It should not be a surprise to any of us that these global industries are operating in this way. Transnational corporations share the same imperative - to maximise profits from sales of their products. This is the root cause of the conflicts of interest which exists across these four industries. In order to maximise profits, especially by expansion into middle-income countries with growing economies, the industries must avoid the implementation of effective policies, those which limit the over-supply, marketing and affordability of products, the UN system’s ‘Best Buys’ or most cost effective policies.

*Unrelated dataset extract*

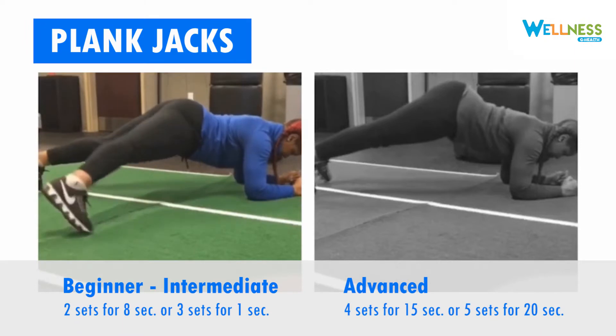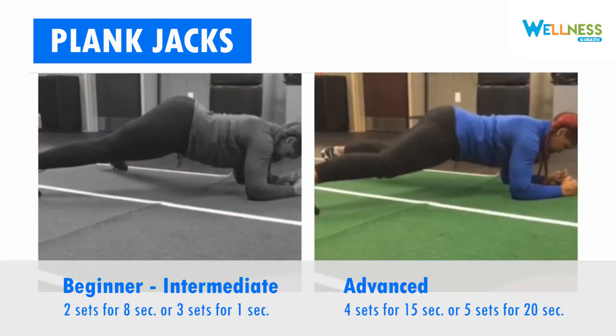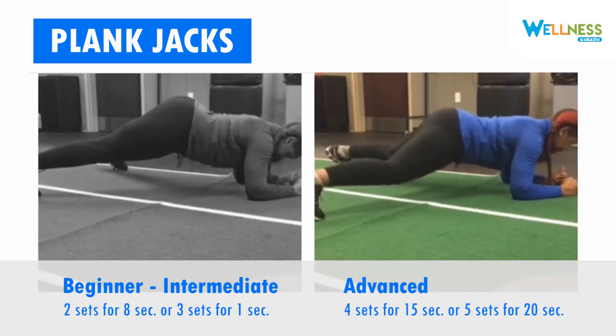When performing a plank jack, start in a plank position. Step from side to side with each leg. To make this move more advanced, jump like a jumping jack.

The authors perceive the tobacco industry as the most aggressive in terms of their interference in policy. However, the tobacco industry’s relative aggression may be a reflection of the greater constraints on their activity. This is a context in which governments and civil society have understood conflict of interest clearly and responded to the global threat to health by putting in place a legally binding treaty: the Framework Convention on Tobacco Control. This convention includes the very important clause (5.3) which specifically requires governments to avoid industry interference while developing and implementing their policies.
In comparison with tobacco the conflicts of interest which underpin the actions of the other industries have been less clearly understood and this has led to a very different positioning within the political environment both at national and global level. For example, the editorial refers to the alcohol industry as highly effective and well-organised in gaining access to the policy-making process, including by their close relationships with policy actors. Diageo, a major transnational alcohol corporation has reported to its shareholders the success of these measures saying they have achieved ‘more balanced regulatory outcomes’ as a result of their efforts.3
These industries frame themselves in similar ways and have succeeded in influencing policy by presenting themselves as part of the solution supported by their Corporate Social Responsibility activities. The solution is framed as one of individual responsibility drawing attention away from the hazardous properties inherent in the products and the central importance of promotion, supply and affordability to their spread and harmful use.4
The transnational alcohol corporations ubiquitous promotion of responsible drinking campaigns and their frame of the need to protect moderate drinkers from alcohol policy is a smokescreen which draws attention away from their reliance on the harmful use of alcohol which contributes a significant proportion of their sales and profits5 and underpins their conflict of interest.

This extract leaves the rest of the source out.